Thanks so much for your help with this nahi! I'm really impressed with your work on HTTPClient.
I'll add those two lines of code and post an update.
Typically after fetching robots.txt I'm going on to fetch other pages on the same domain with the same instance of HTTPClient. Should I call reset after each page, or is this specific to connecting the first time to a domain (which is always going to be robots.txt for me)?
@kosh-jelly The workaround should work when you apply either of it. I'm pretty sure about the reason of your trouble so you can only try "reset".
Hmm, you also need Keep-Alive connections. It's hard until I introduce connection leaper thread but following is the best ATM.
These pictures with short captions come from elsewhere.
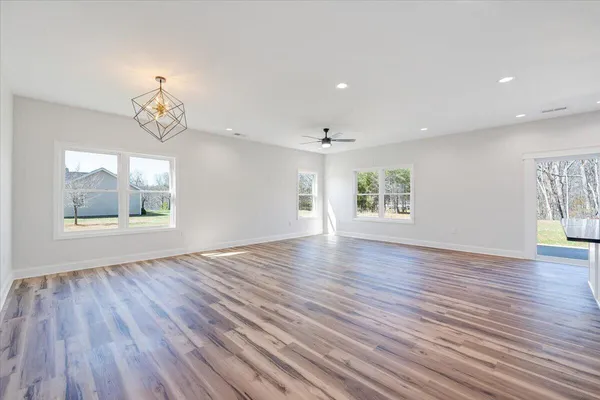 a kitchen with stainless steel appliances granite countertop a sink and a stove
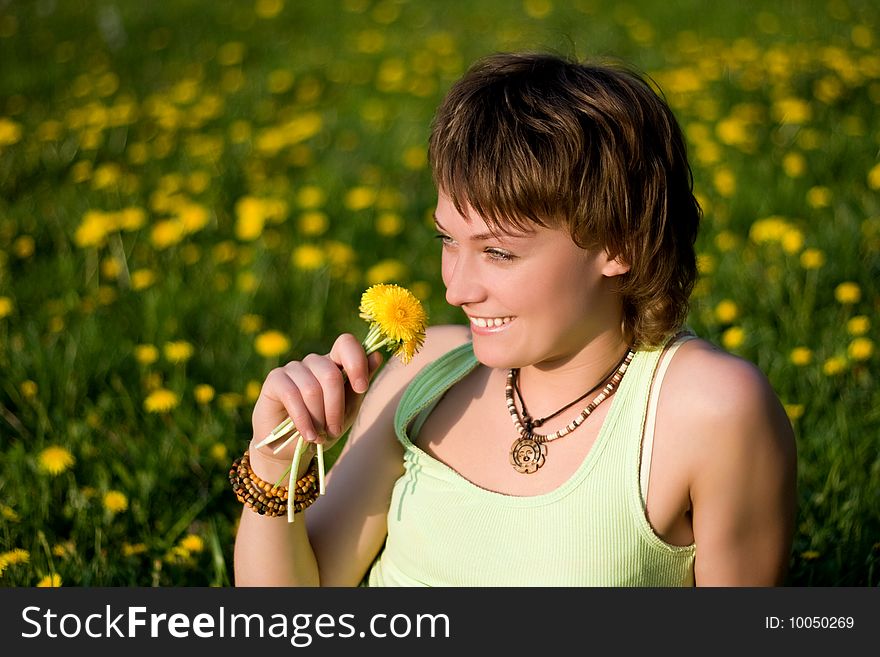 A young cheerful woman having fun on a dandelions glade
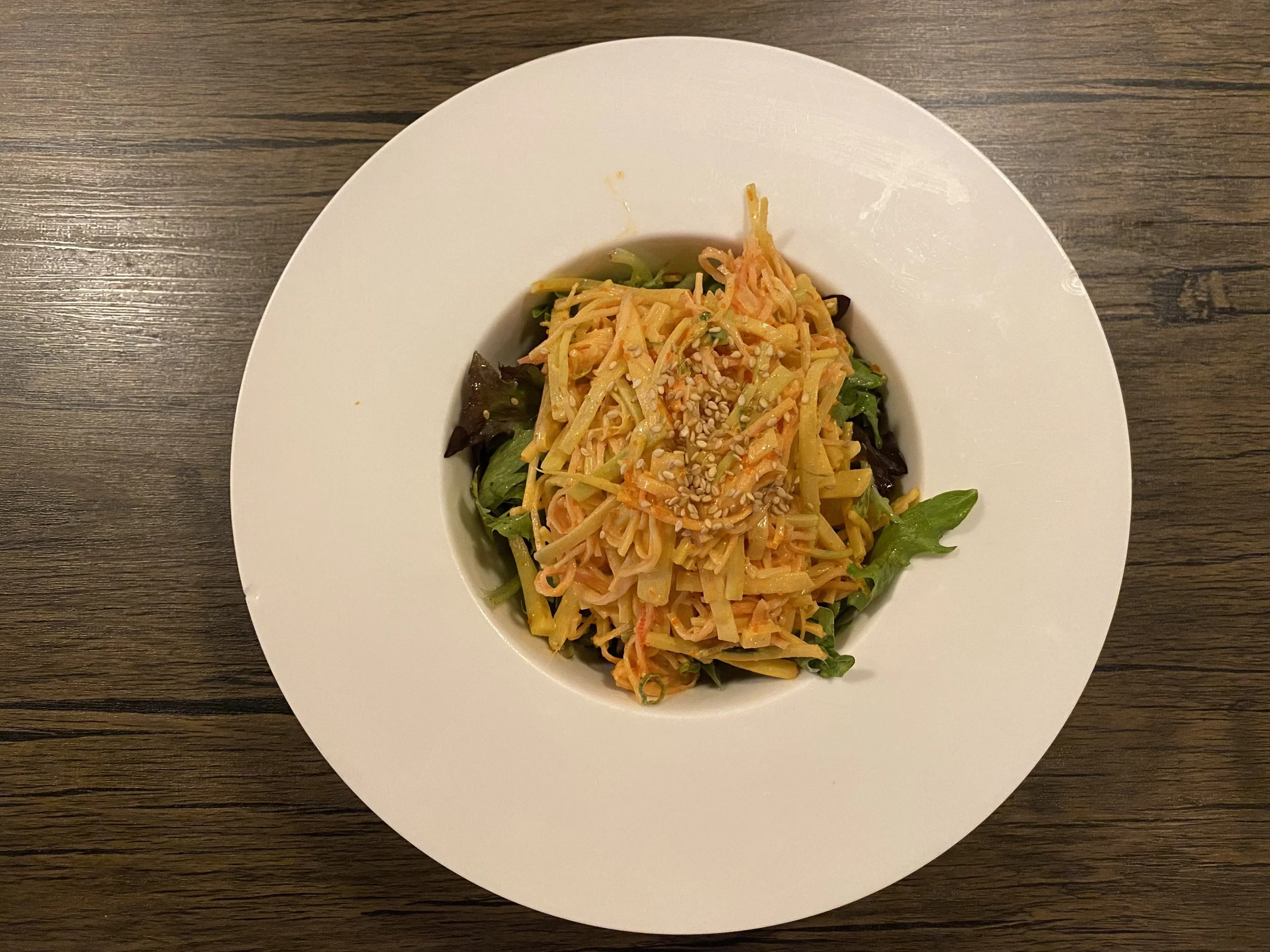 A white plate with a serving of mixed vegetable salad, topped with shredded carrots, sesame seeds, and julienned vegetables on a wooden table.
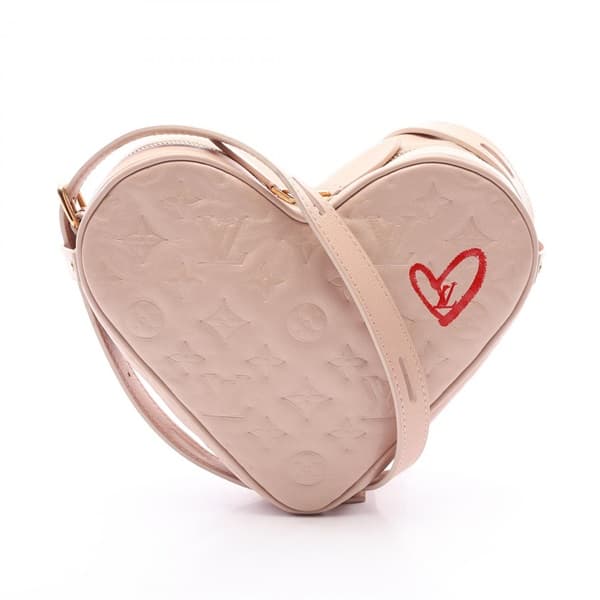 Product photograph of a pink heart-shaped bag with a chain and leather shoulder strap.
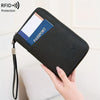 A black passport wallet with a blue accent and wrist strap is shown being held by a hand.
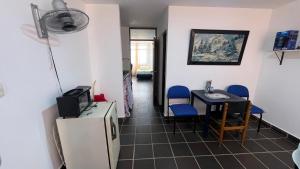 a room with a table and a small table and chairs at Arauca -Centro in Arauca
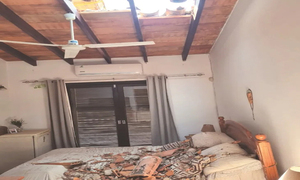 ¡Miedazo! Construcción de edificio reventó casa de un abuelo, le llueven materiales de una obra de 22 pisos - OviedoPress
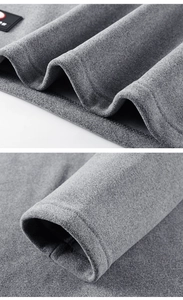 Close-up of grey fleece fabric texture and high-quality hem stitching with a logo patch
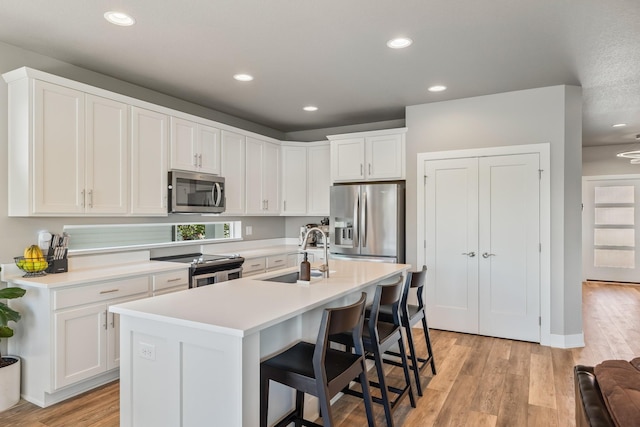 kitchen with stainless steel appliances, a sink, light wood finished floors, white cabinets, and recessed lighting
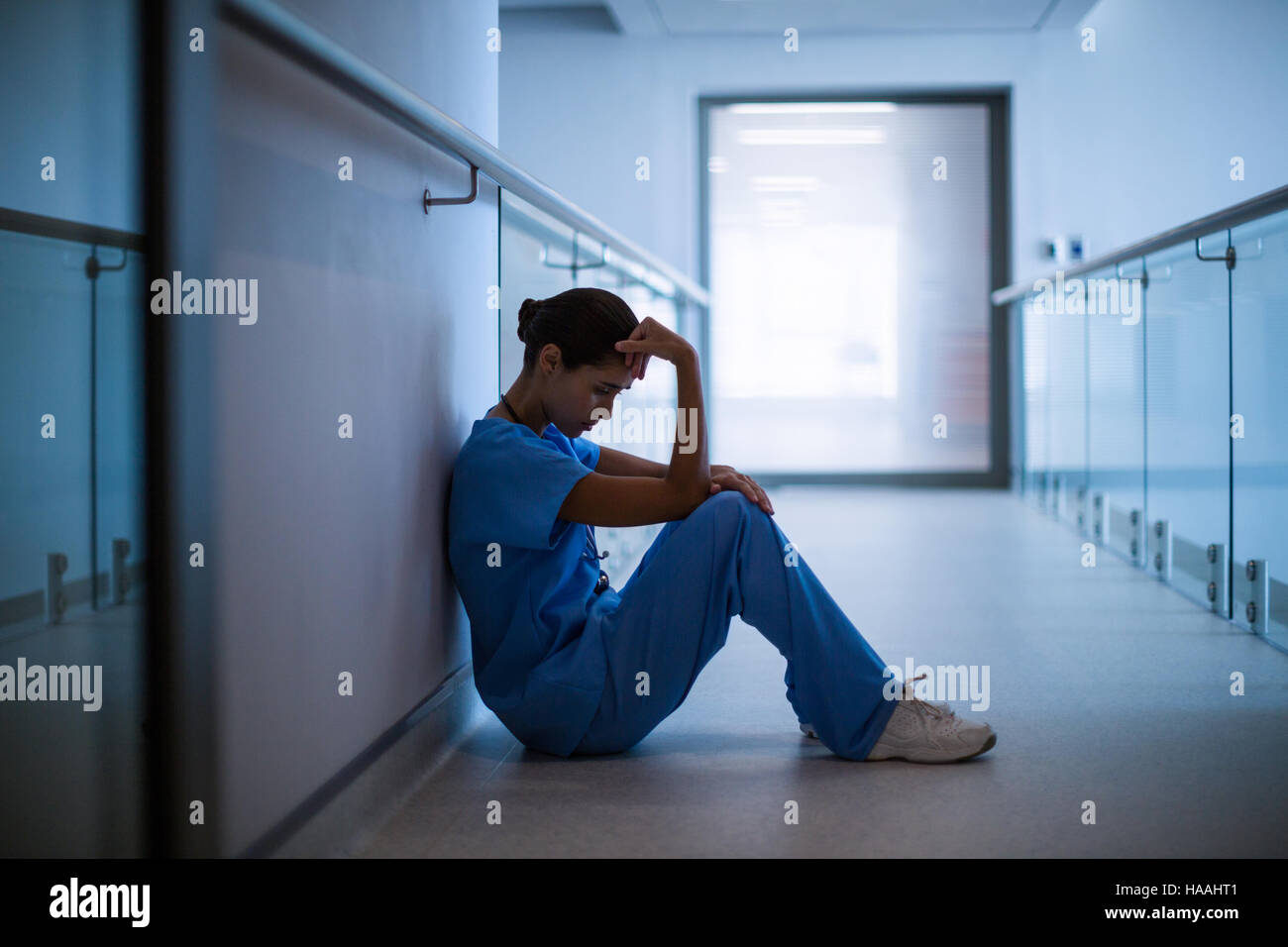 Traurig Krankenschwester im Flur sitzen Stockfoto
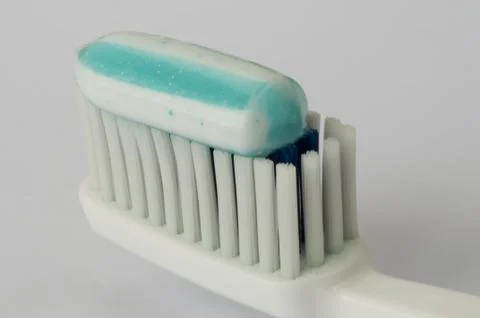 Toothbrush and toothpaste Stock Photos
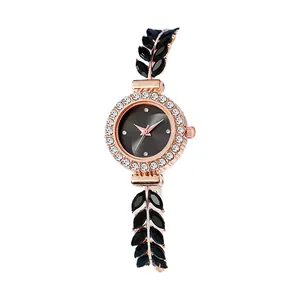 Elegant rose gold women's quartz watch with rhinestone bezel and leaf bracelet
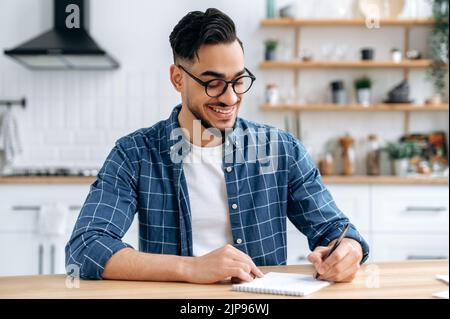 Clever excited Arabian or Indian modern guy, clever student or freelancer, with glasses, listening to an online webinar, lecture, writing down information, gain knowledge, smiling friendly Stock Photo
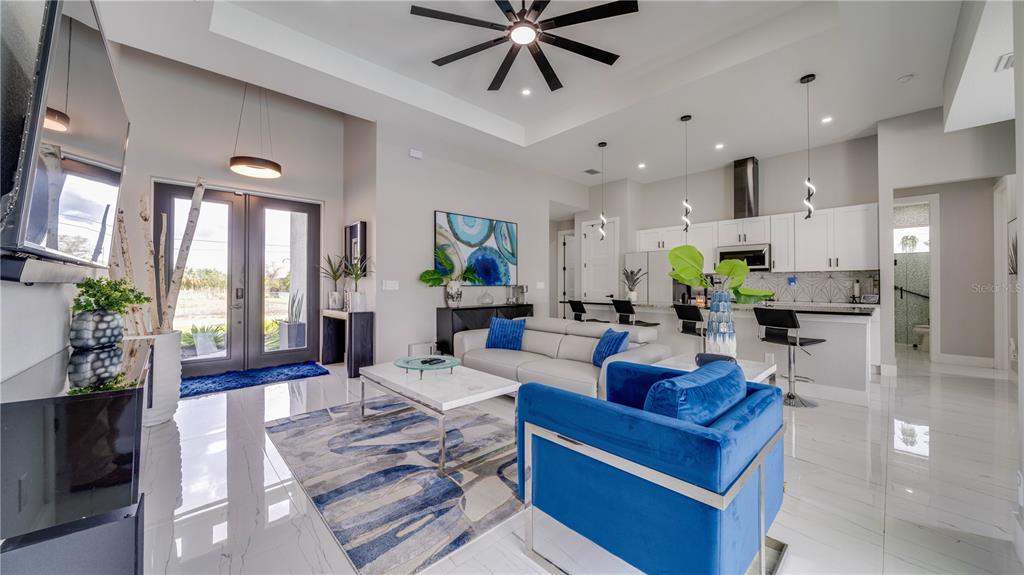 A modern open-concept living room and kitchen featuring white tile floors and blue accents — 4211 10TH STREET SW, LEHIGH ACRES, FL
Create HTTPClient instance per thread and reset all connections before going to next domain. (Assuming you assign a Thread for a domain)
def fetch_robots
agent.reset_all
response = agent.get("http://#{domain}/robots.txt", follow_redirect: true) # line 108
end
def agent
Thread.current[:my_agent] ||= new_agent
end
If above is not the situation (you assign threads for domains and have thread pool), please call agent.reset_all periodically as a workaround. You'd need synchronizing threads as well. I'm not familiar with Sidekiq so I might be wrong...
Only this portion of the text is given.